Pierre Thiry s'est auto-édité. Je le remercie donc personnellement pour cet exemplaire offert à titre gracieux et qui m'a permis d'avoir une petite idée de son monde imaginaire.
Ce livre débute sur un pari : comme il ne veut pas avouer à sa nièce qu'il a inventé le titre d'un livre pour mieux l'impressionner par son érudition, un bouquiniste, l'oncle Sigismond, décide de relever ses manches et d'écrire lui-même le livre en question. Sous un pseudonyme, bien sûr.

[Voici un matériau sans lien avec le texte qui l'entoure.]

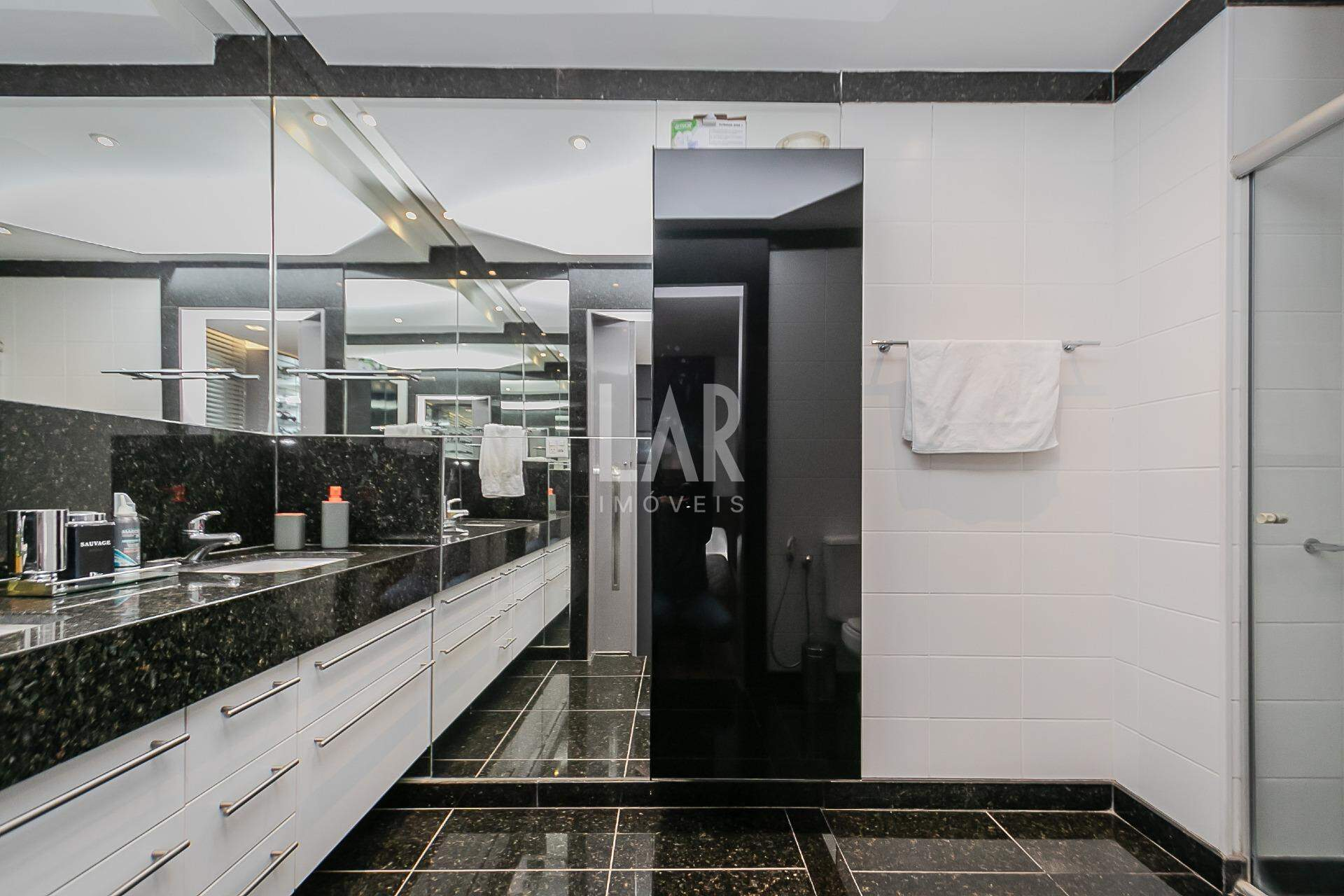 Apartamento de 4 quartos à venda, Belvedere, Belo Horizonte - MG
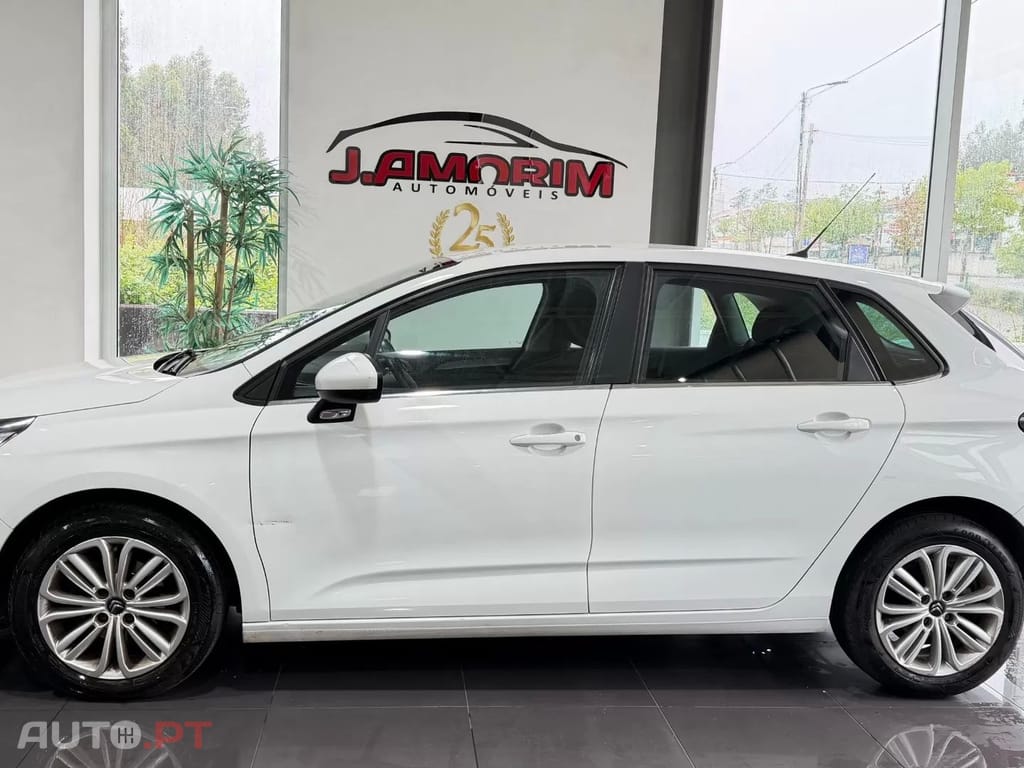 Citroen C4 1.6 BlueHDi Live
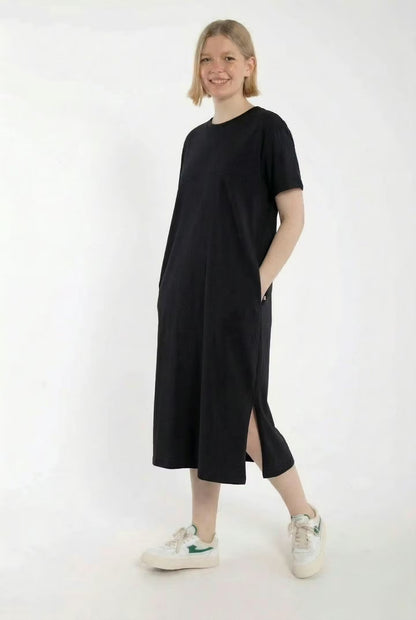 Danebasic Sweet Dress Black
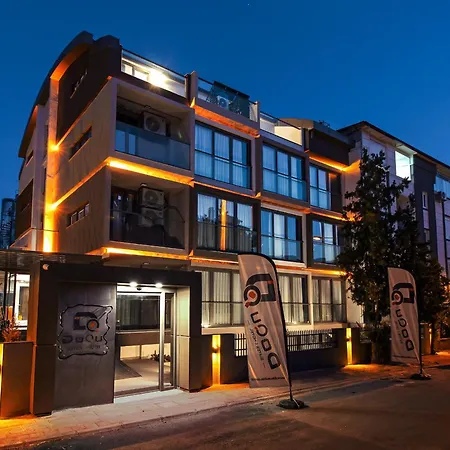 Doqu Suites Hotel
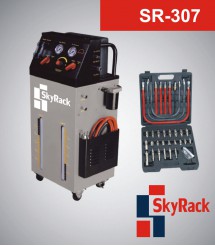 SR-307 Установка для замены жидкости в автоматических коробках передач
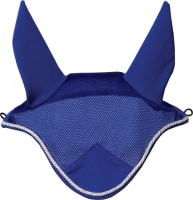 YORK nauszniki AIR MESH niebieskie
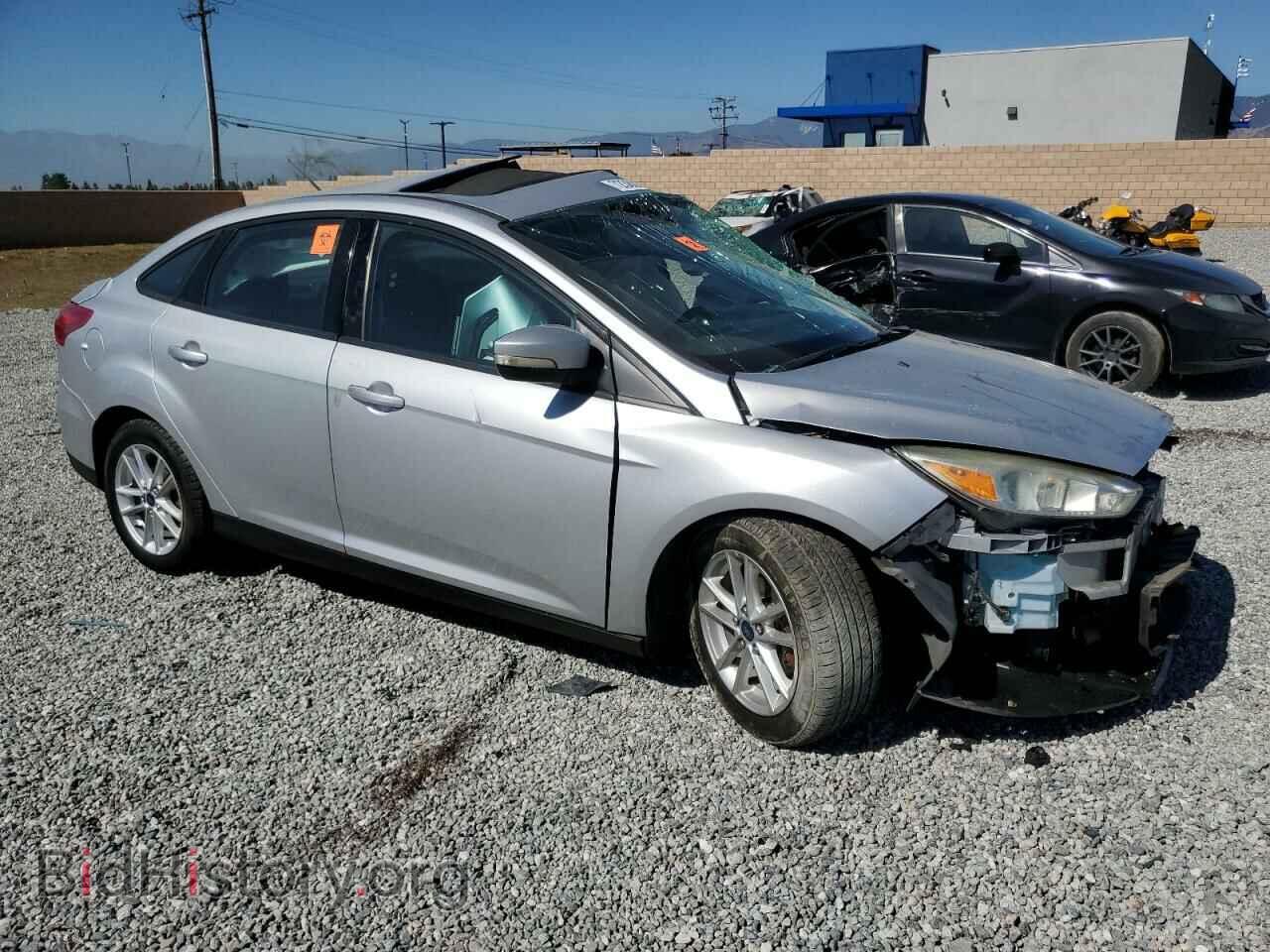 2016 FORD FOCUS - VIN: 1FADP3F22GL269171 - Фото 4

Il n'a jamais rien écrit auparavant. C'est un grand lecteur mais pas un écrivain. Alors, forcément, au début, ça coince un peu, il a du mal à bien mettre en forme son intrigue. Et puis, il prend son rythme et ça donne un peu l'impression de partir dans toutes les directions.
Seulement, ça n'est qu'une impression,
Pierre Thiry sait où il va et où il emmène son lecteur. Ce lieu, c'est son monde imaginaire, un monde, vous vous en doutez, nourri de lectures et aussi de chansons. Il y a beaucoup de chansons dans
Ramsès au Pays des Points-Virgules, des poèmes aussi. Des couplets ou des quatrains que l'auteur nous demande de compléter à notre façon, ou bien qu'il complète à la sienne. Comme beaucoup de ces vers sont tirés de
Boris Vian, je crois que celui-ci ne s'indignerait pas de la liberté prise. Pour
La Fontaine, souvent cité aussi, j'étais plus perplexe. (Mais
La Fontaine est un auteur plus scolaire, ce doit être pour ça. Very Happy )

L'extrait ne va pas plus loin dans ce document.